Ritalin, everybody’s probably heard of Ritalin. Methylphenidate actually first came out on the market in 1955. So, we know a lot about medications. They work well, but the first medications that came out on the market were immediate-release. And so, people would have to take them maybe two or three times a day.

And one of the criteria for ADHD is forgetting. And kids with ADHD often have parents with ADHD. So, trying to take medication multiple times a day is difficult. I’ve been for the past 20 years doing research with different stimulations that have different formulations that may kick in quickly and last longer so that people only have to take them once a day.

We’ve looked at different formulations because not everybody can swallow pills. So, we’ve looked at oral disintegrating tablets and liquids and chewables and patches. And we’ve also looked at non-stimulants too.

It’s been a great ride. And the most, I think, gratifying thing is I have somebody who hasn’t been doing well in school and they come in after they’re treated. And I’m seeing and they’re running in, “Dr. Ann, look at my report card.” That is just a fabulous feeling for everybody. And I say, “I’ve never seen a pill do homework, so that must be you.”

CAMILLE [5:08]

I love that. I have chills everywhere, you guys, because oh my gosh, I’m getting emotional because I have a son who is that person and that it’s so easy for children, especially getting into junior high ages, wherein elementary school, it wasn’t much of a struggle, but then to feel like what’s wrong with me and why can’t I keep up and why can’t I do things I used to be able to do or however it manifests and at whatever age.
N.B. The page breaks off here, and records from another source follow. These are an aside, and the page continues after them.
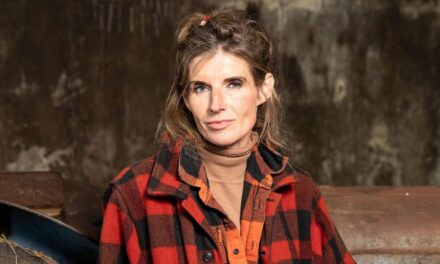Amanda Owen souffre de « coups violents » dans sa maison du Yorkshire Farm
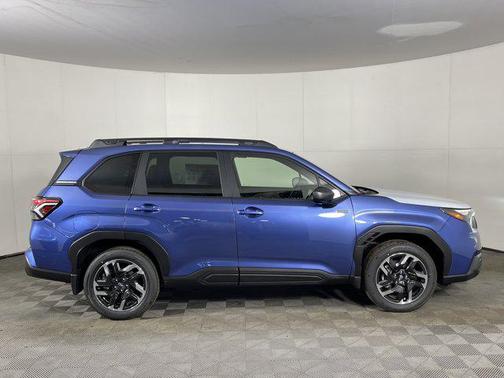 2025 Subaru Forester Hybrid Premium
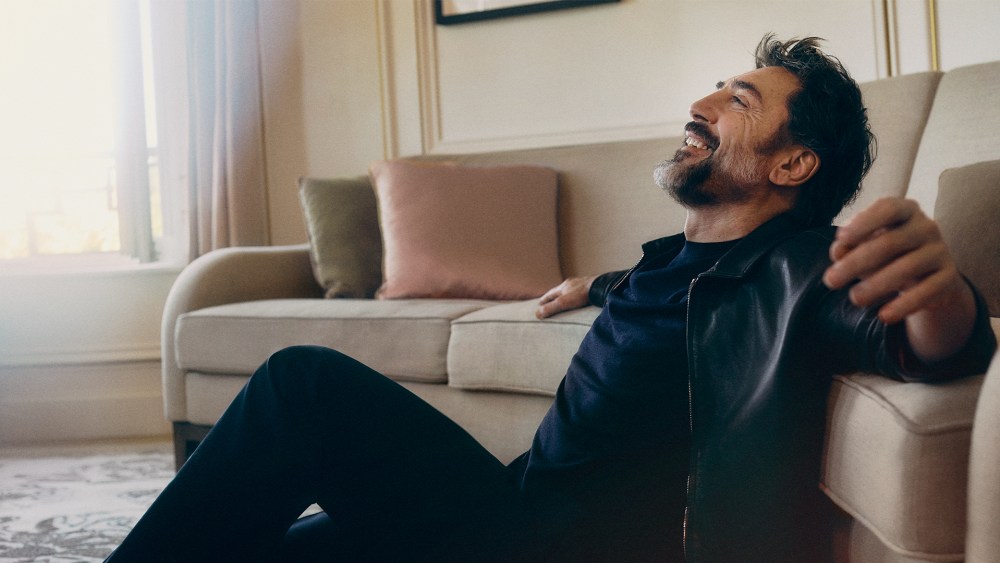 Javier Bardem on Defending Palestine and Loving Penelope Cruz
For us, it was more when puberty came along. And once we started the medication, which we were so fearful to do, and I don’t know why. I don’t know if it was something like I knew it’s a drug that could be abused if taken in mass amounts. I didn’t know if maybe it would be addictive or whatever those things are that you hear. It has just been life changing for my son.

And now, I look at my younger kids and I think I’m pretty sure I’m seeing earlier indicators before because now I know what to look for. And I’m looking at our society as a whole and how our brains are now being wired to have quick satisfaction and distraction. And do you think that there’s an increase in ADHD or are we just more aware that a lot of us are wired that way?

ANN [6:28]

It’s interesting because people will say, “Wow, look at the Center for Disease Control. The prevalence is increasing.” And that may be true with what they’re collecting with data, but when they go back and really look at the same criteria for studies that were done a decade ago, compare it to now, the prevalence isn’t really increasing.

I think we really are more aware of it and we’re expected to do things now. Before, if somebody wasn’t doing too well in school, maybe they would just stay on the farm or maybe they would be doing something where they could be up and moving around. And now, we have some jobs where you have to sit at a desk and you have to be able to pay attention. And that’s really a killer for a lot of my adult patients with ADHD.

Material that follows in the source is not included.